4. In 1985 my family had its organization and hierarchy perfectly in tact as it had always been. My Mom and Dad were the leaders of a growing tribe. They set the pace for the rest of us. It was all so reliable and comforting to know and understand one's place in the world.
I knew more than just these four things, of course, but these four formed the basis of my understanding of what life was about. Today, everything has changed. Some things have changed on the margins, but other things are completely unrecognizable to me:
1. My kids are grown and gone, and with them most of the fire that they put in my belly to make money. Now that I'm not under such financial pressure, it's hard to know how to downshift my internal engine to a lower gear without tearing up the transmission. I'm afraid that without huge overwhelming obligations, I will lose the competitive drive that has been one of the keys to my success in the business world. I feel myself scrambling around for new goals, something freshly pressing, a new rabbit to chase.

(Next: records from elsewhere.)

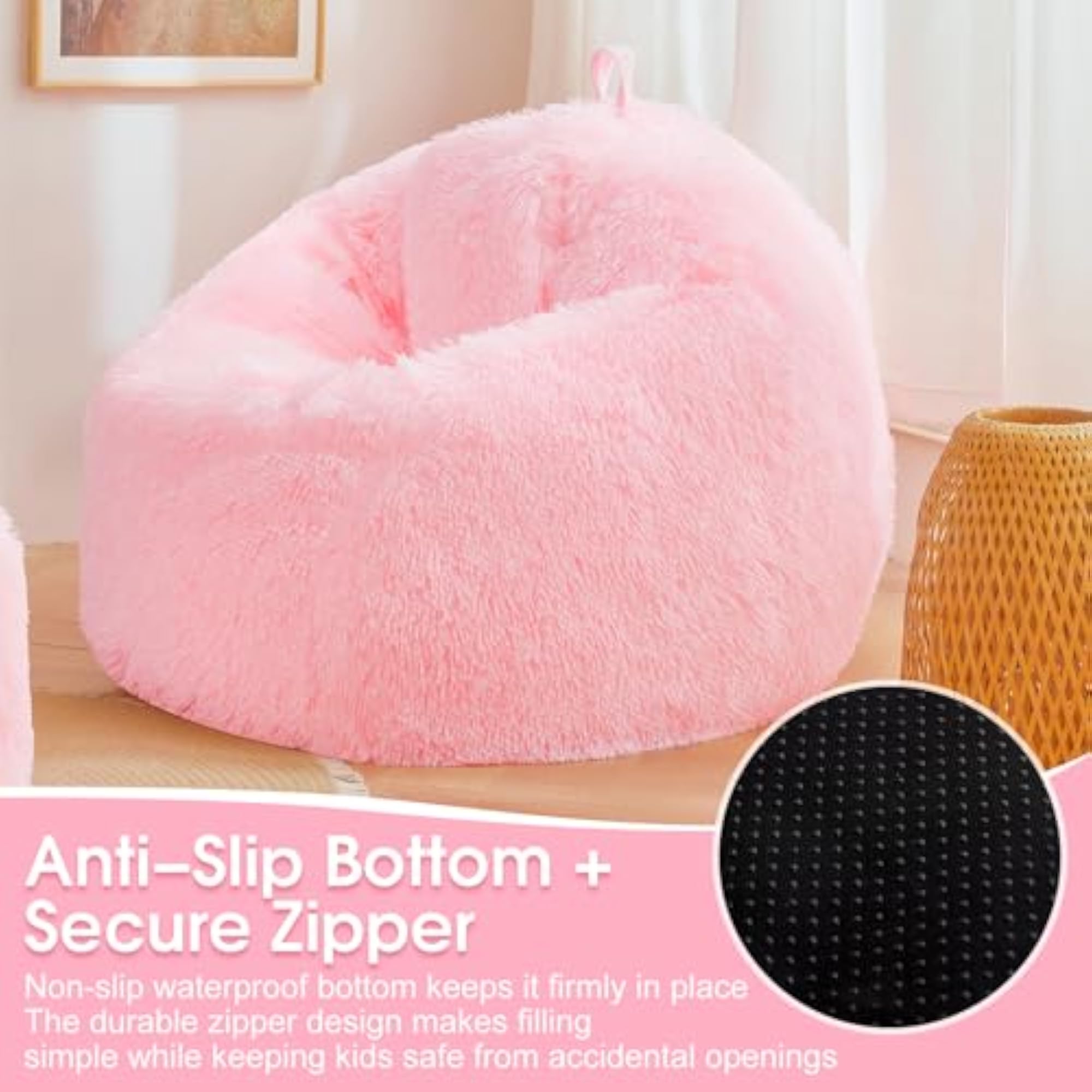 Fluffy Faux Fur Bean Bag Chair Cover, Pink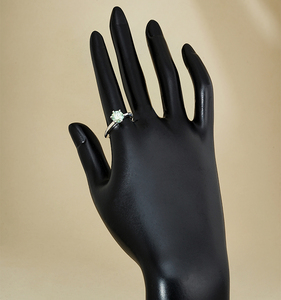 Nuova Tendenza Anelli in Argento 925 con Moissanite Verde Smeraldo, Gioielli di Alta Qualità VVS1 Livello <span class=keywords><strong>D</strong></span> per Fidanzamento e Matrimonio - Product Image 3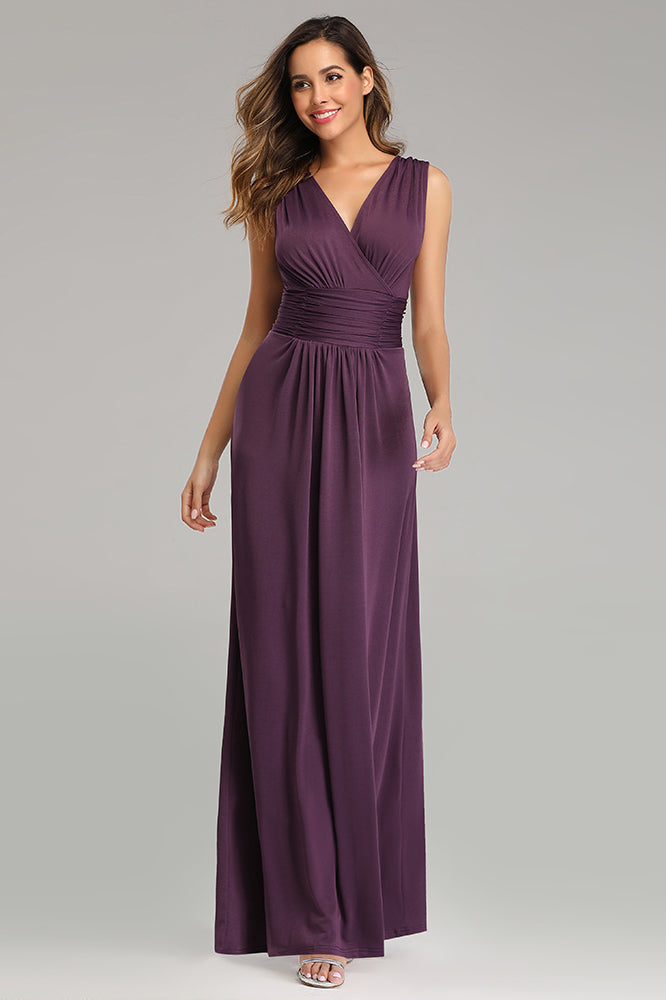 Simple Grape Long Prom Dresses V-neck Evening Dress E90803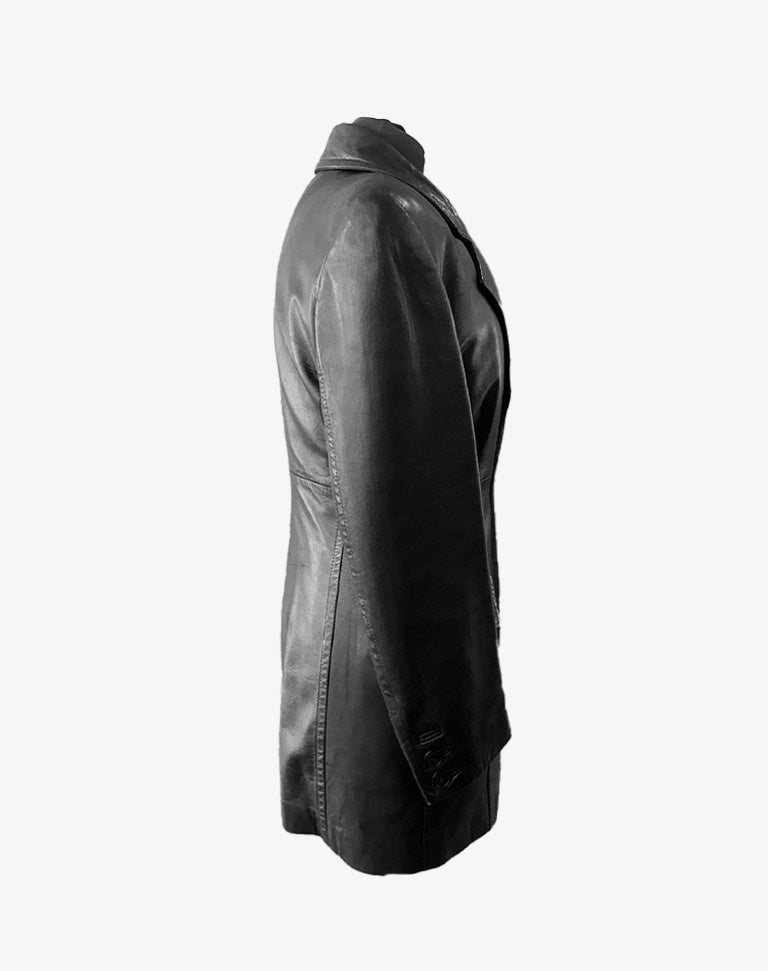 Blazer lungo Gianfranco Ferré donna in pelle nera con interno removibile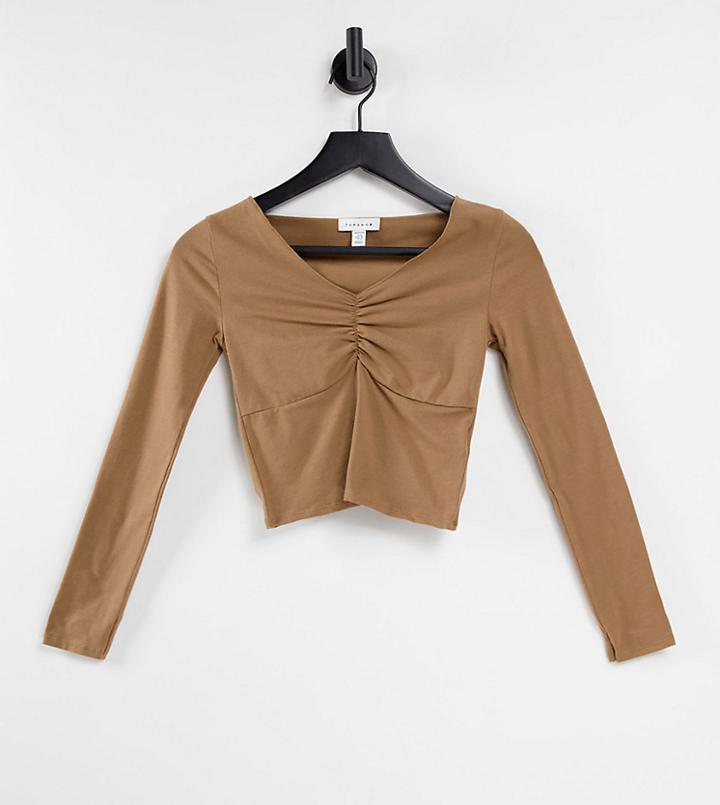 Topshop Petite Ruched Front Long Sleeve Top In Camel-brown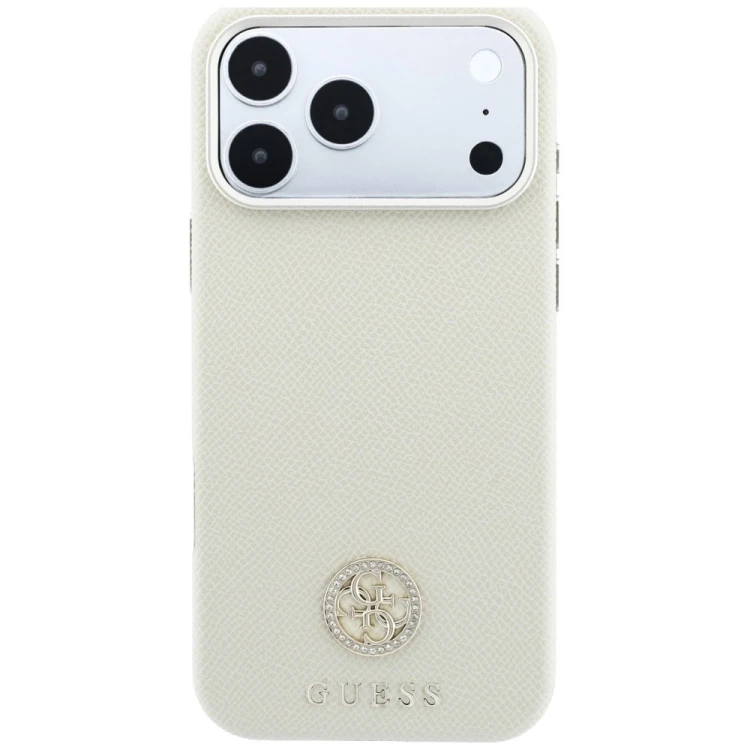 Etui Guess Grained Round Strass Logo MagSafe do Apple iPhone 18 Pro Max / 17 Pro Max beżowy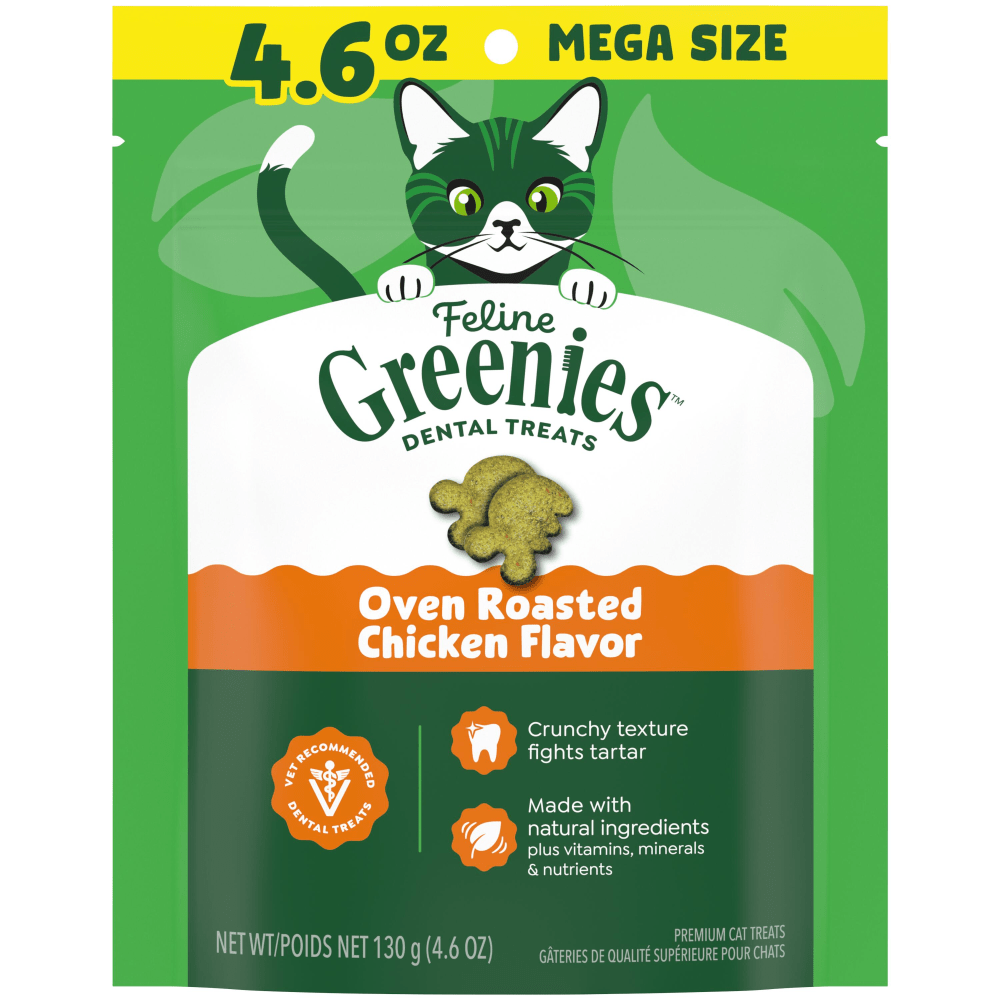 Greenies Dental Treats Oven Roasted Chicken Flavor for Cats (4.6oz)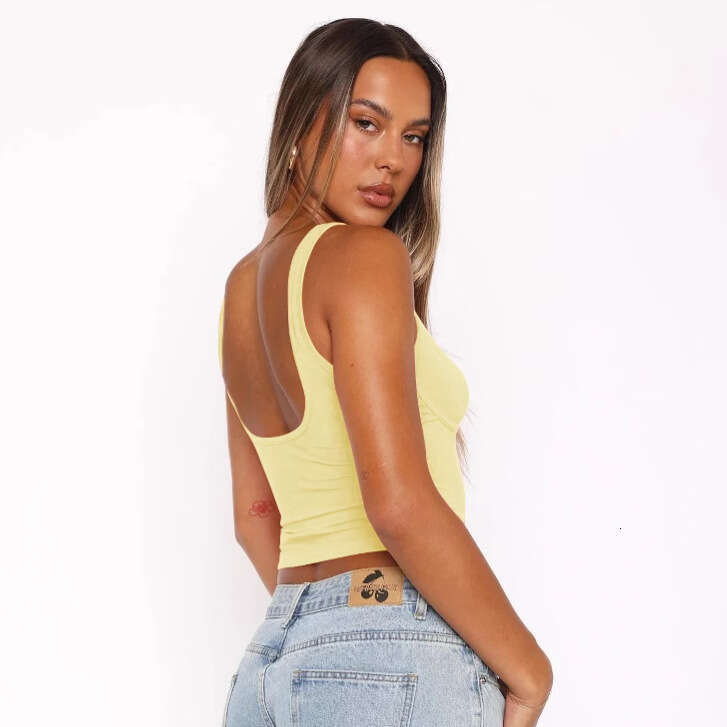 2025 Street Style Solid Color New Vest Sexy Sleeveless Slim Fit Crop Top Summer Y2K Small V-neck 1062
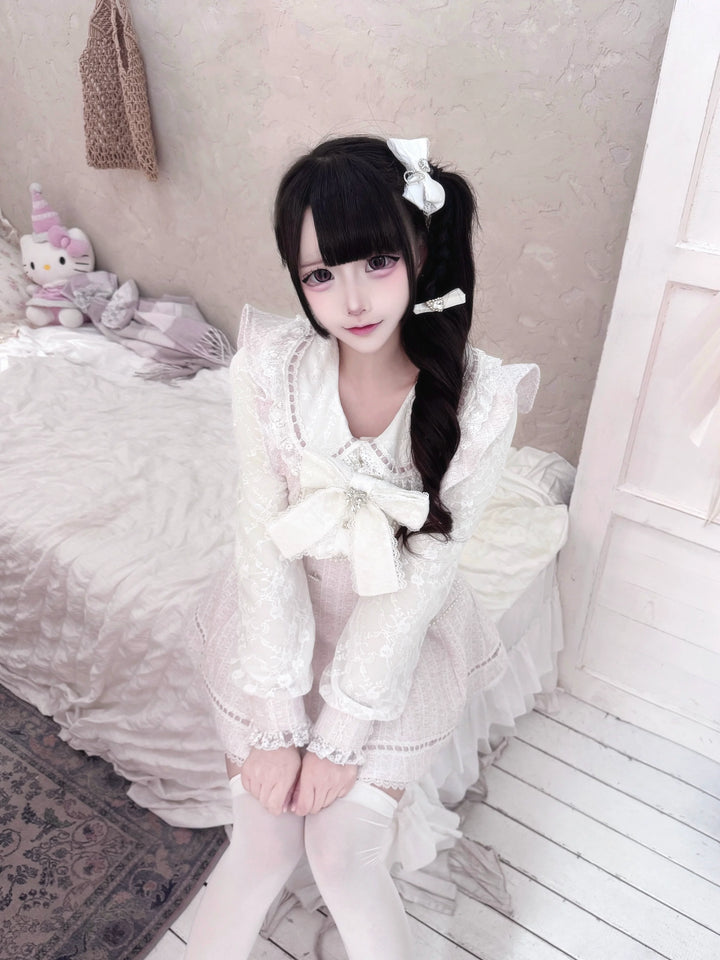 Peter-Pan Collar Ryousangata Dress Set, Lace Sleeves 44524:815230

2. I'm still at the same church. Many, although not all of the people I knew thirty years ago are still there. The fact that I no longer feel enriched, challenged or motivated by my attendance there isn't all the fault of the church. In fact most of my discontent is my own fault. In matters spiritual the fault almost always lies within I'm told...especially by ineffectual clergymen. So, I feel adrift from my faith community, as the kids now call it.
3. The America of 2015 is no longer the leader of anything except social pathology statistics. We have been surpassed by other, more aggressive nations in the categories that used to measure influence. This isn't the fault of any President or party, it just is. We are fractured, divided by a laundry list of issues, with no common ground in sight. At last count there are 13 announced candidates for the Republican Party nomination for President in 2016. Still, everyone knows deep down that it will wind up being another Bush vs. Clinton matchup. That's who we are now, it's the best we can do. Instead of doing something about runaway debt, a cratering education system and the actuarial doomsday clock which is the American welfare apparatus, we seem obsessed with making the world safe and affirming for the likes of Caitlyn Jenner. Sexual identity politics has now eclipsed racial identity politics, or maybe identity politics has itself been eclipsed, since everything is now fluid and evolving. We're all aggrieved now for one reason or another.
4. My family is still large, loud and growing, but leaderless. Mom and Dad aren't here anymore. We who remain are trying to figure out what happens now at Christmas. It's a strange season of life when the big lights go out all at once. When they do, I suppose it's natural to stumble around in the darkness for a while waiting for your eyes to adjust.
So, the question lingers, are my best days behind me? What will the next thirty years bring? I feel like I need to regroup, call a timeout and draw up a new battle plan. The plays I have always called in the past might not work against this new world of slippery assumptions. I had a teacher one time who tried to help me learn how to spell the word assume. He said, "always remember Doug that when you assume, it always makes an ASS out of U and ME. Poor guy would get fired for using that trick today. The point is, the days are long gone when I could assume anything about life. Black is white, up is down, left is right, so I'll have to learn to roll with this new world. There's no going back. What's in the past is finished. Whatever time that remains will have to be fought over and won.